All lines holding the word "Side" should be located in the records and copied.

ENTRIES SHOWN below:

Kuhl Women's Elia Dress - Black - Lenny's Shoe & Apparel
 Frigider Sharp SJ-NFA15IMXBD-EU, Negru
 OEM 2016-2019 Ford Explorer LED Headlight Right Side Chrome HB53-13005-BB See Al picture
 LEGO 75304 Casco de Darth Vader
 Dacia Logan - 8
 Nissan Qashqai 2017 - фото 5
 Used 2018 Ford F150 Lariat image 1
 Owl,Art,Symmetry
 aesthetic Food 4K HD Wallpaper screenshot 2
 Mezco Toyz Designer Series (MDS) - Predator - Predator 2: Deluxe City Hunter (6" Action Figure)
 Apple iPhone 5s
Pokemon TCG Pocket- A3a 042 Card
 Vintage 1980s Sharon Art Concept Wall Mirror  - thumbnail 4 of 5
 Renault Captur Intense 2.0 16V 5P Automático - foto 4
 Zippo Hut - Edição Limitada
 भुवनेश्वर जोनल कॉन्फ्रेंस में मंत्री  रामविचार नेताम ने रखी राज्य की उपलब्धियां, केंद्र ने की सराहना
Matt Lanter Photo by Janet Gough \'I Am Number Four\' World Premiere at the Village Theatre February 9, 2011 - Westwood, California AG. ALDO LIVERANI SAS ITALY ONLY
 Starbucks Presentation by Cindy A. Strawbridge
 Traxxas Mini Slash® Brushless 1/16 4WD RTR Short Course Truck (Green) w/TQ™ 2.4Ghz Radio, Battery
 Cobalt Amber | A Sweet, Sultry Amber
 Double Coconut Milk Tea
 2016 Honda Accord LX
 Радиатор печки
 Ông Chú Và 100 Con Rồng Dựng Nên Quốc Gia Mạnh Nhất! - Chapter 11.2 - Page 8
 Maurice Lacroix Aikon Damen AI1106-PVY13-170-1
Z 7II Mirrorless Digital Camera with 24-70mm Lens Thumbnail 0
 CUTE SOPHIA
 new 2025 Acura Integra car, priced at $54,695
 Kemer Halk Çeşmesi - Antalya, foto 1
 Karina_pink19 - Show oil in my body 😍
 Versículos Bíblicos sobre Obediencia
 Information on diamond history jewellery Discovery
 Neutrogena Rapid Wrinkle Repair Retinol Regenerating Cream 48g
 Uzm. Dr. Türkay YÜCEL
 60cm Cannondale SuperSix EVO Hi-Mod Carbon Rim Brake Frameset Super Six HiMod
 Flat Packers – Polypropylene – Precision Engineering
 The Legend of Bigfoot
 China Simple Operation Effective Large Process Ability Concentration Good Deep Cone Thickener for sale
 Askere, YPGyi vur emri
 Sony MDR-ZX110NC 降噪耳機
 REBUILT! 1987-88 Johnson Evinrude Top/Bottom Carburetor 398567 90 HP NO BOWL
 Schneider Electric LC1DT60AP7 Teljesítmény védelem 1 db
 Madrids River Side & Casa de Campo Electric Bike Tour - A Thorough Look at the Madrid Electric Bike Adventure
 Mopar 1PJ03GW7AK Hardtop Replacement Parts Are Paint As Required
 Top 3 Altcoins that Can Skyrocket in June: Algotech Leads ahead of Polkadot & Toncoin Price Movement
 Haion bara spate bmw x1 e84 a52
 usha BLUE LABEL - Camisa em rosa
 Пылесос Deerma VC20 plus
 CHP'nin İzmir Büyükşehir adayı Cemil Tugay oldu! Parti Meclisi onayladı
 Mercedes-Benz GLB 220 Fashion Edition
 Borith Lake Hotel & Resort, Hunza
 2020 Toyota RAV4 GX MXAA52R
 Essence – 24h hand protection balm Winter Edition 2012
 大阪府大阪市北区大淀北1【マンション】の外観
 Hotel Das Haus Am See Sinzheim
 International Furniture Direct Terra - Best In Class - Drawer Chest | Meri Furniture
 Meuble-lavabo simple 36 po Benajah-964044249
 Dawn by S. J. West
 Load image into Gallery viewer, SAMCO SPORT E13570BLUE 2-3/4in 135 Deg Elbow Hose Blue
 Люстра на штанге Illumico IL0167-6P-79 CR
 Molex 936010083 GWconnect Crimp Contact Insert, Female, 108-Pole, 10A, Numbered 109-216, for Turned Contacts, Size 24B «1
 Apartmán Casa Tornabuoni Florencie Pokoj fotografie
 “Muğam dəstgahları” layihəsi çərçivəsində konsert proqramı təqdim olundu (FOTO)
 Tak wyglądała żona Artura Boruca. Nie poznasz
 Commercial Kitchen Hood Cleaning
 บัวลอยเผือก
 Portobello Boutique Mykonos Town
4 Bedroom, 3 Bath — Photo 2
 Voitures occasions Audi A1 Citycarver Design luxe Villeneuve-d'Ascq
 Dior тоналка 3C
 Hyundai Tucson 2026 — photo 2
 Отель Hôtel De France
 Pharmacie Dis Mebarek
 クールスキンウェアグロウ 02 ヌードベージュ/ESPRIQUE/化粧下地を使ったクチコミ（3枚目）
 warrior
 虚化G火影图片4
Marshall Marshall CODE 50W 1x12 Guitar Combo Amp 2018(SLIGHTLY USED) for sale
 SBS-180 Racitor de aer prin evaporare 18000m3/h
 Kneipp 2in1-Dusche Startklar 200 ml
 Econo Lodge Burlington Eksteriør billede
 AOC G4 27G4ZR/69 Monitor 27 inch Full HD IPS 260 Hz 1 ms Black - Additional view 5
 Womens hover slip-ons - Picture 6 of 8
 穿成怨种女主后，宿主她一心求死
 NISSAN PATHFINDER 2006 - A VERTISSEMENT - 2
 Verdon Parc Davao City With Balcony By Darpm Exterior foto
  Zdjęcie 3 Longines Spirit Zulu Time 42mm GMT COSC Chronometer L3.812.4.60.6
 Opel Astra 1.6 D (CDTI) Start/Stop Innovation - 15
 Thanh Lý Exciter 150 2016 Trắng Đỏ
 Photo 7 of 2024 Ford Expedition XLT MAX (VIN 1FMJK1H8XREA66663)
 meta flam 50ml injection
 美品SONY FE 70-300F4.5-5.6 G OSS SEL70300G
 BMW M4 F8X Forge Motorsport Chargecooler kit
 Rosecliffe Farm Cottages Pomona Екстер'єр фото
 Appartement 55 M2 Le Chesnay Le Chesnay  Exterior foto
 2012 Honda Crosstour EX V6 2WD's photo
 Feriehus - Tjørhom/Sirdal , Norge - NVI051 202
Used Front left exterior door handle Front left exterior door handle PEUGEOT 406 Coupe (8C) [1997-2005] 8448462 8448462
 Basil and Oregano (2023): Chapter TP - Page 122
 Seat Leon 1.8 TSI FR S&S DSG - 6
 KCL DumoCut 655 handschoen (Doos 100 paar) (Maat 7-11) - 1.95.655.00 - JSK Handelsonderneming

End of ENTRIES SHOWN.

SOLUTION BELOW –
 OEM 2016-2019 Ford Explorer LED Headlight Right Side Chrome HB53-13005-BB See Al picture
 Madrids River Side & Casa de Campo Electric Bike Tour - A Thorough Look at the Madrid Electric Bike Adventure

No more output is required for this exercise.